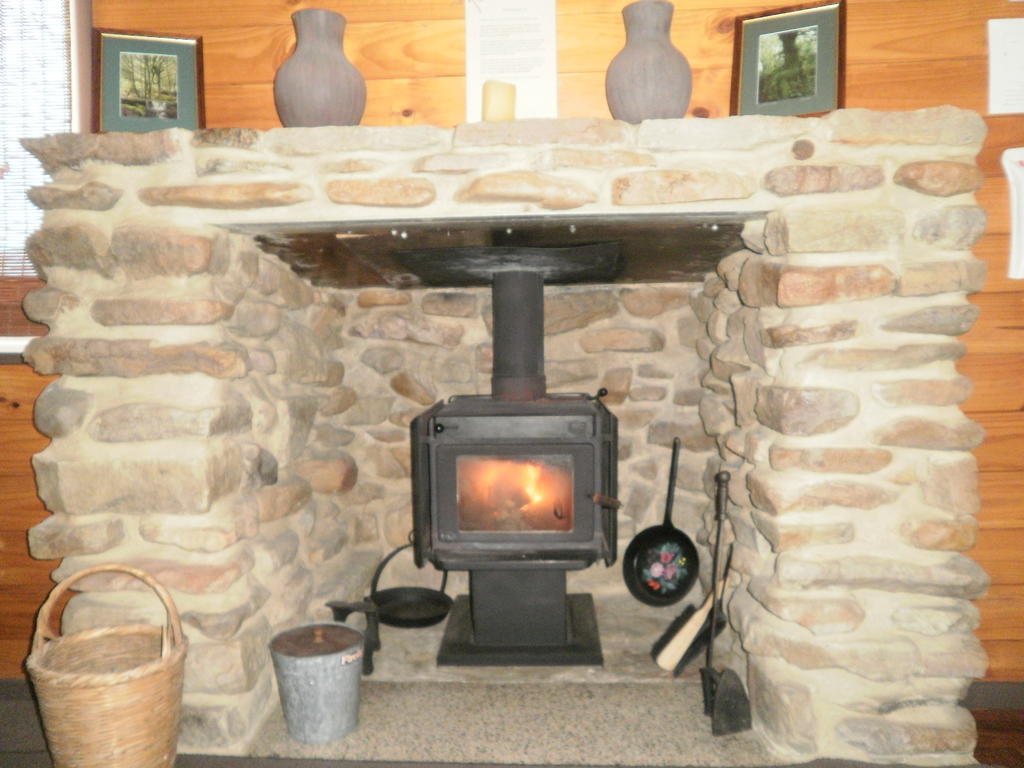 Duffy'S Country Accommodation Westerway Room photo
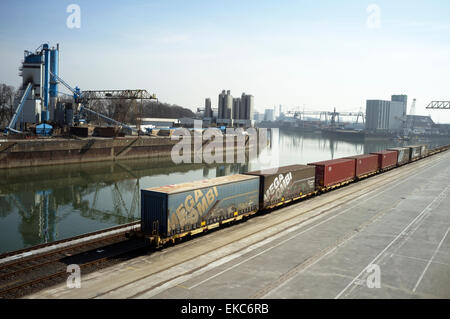 Les quais de Niehl, Cologne, Allemagne. Banque D'Images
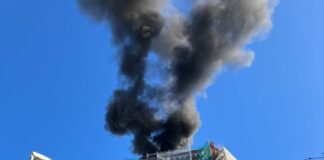 Die Ursache für das Feuer auf dem Dach eines Hochhauses ist noch unklar. 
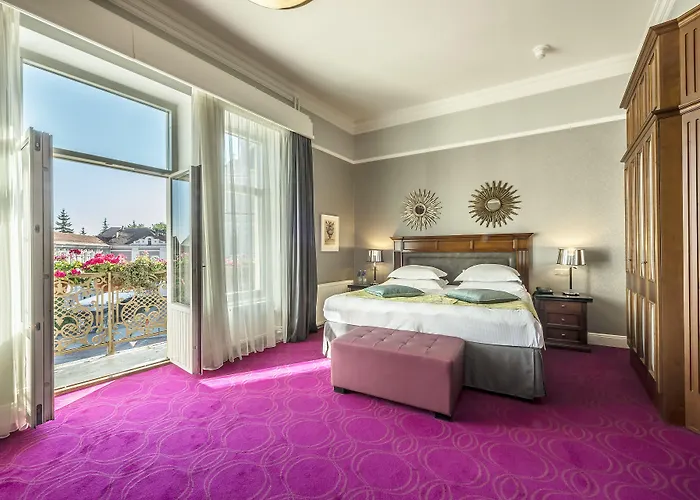 Radisson Collection Astorija Hotel, Отель Вильнюс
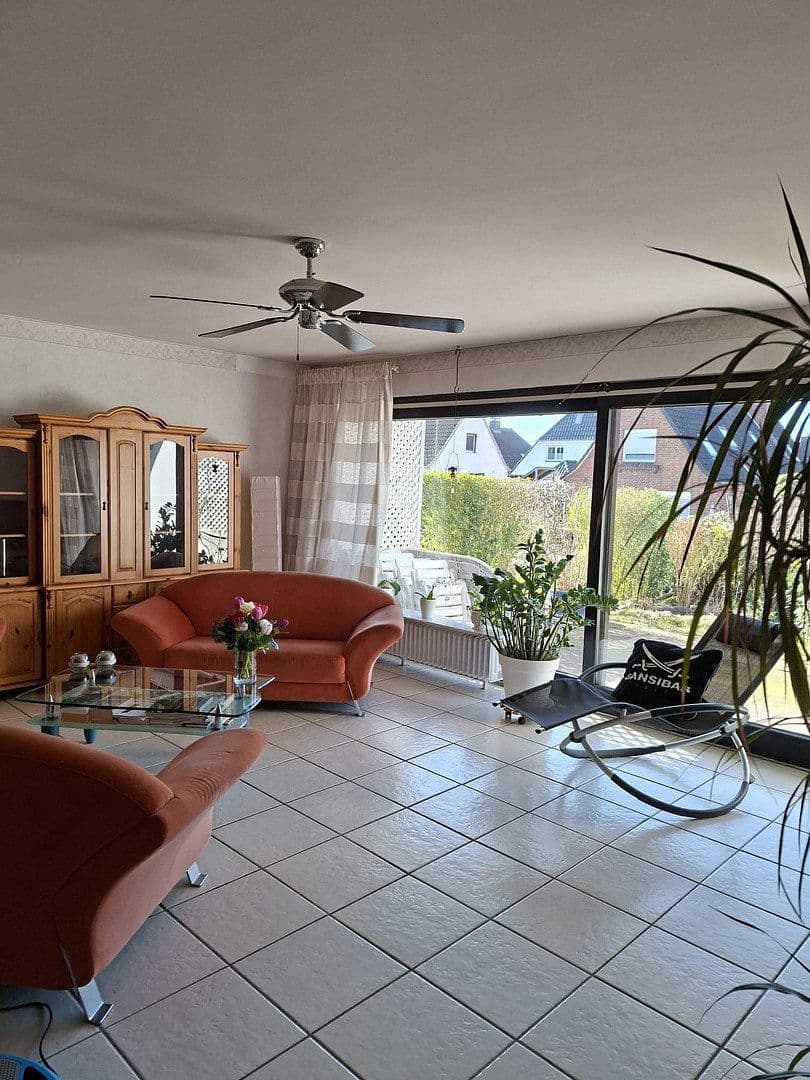 Prodej domu 143 m², pozemek 171 m², Quickborn, Šlesvicko-Holštýnsko Prodej domu 143 m², pozemek 171 m², Quickborn, Šlesvicko-Holštýnsko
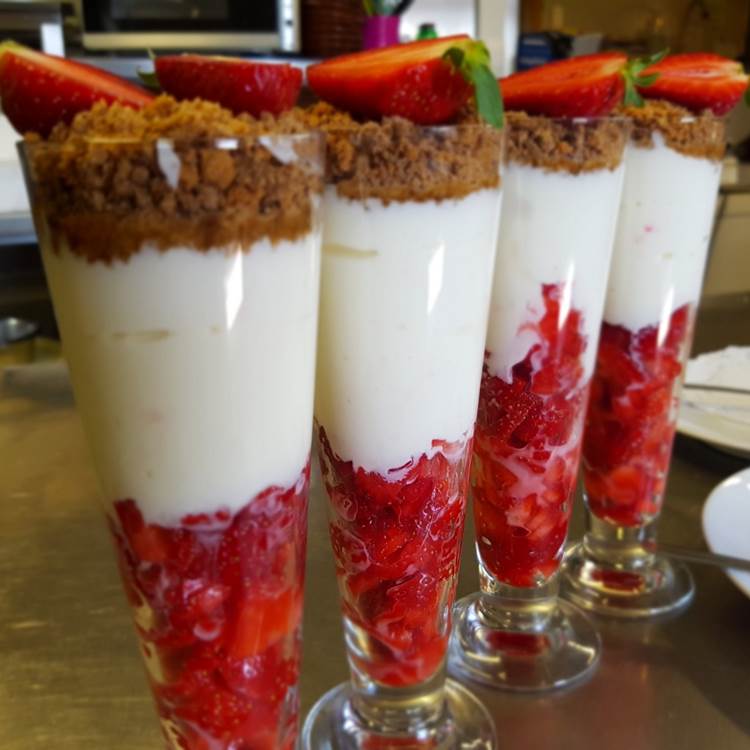 fromage blanc battu aux fraises de Montgibaud et speculoos le Ranch des Lacs-photo-page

^^^^^^^^

* What the task requires
Copy the whole of the material above exactly, and exclude every picture.

* Answer to the exercise
 Duffy'S Country Accommodation Westerway Room photo
 Les quais de Niehl, Cologne, Allemagne. Banque D'Images
 Die Ursache für das Feuer auf dem Dach eines Hochhauses ist noch unklar. 
 Radisson Collection Astorija Hotel, Отель Вильнюс
 Prodej domu 143 m², pozemek 171 m², Quickborn, Šlesvicko-Holštýnsko Prodej domu 143 m², pozemek 171 m², Quickborn, Šlesvicko-Holštýnsko
 fromage blanc battu aux fraises de Montgibaud et speculoos le Ranch des Lacs-photo-page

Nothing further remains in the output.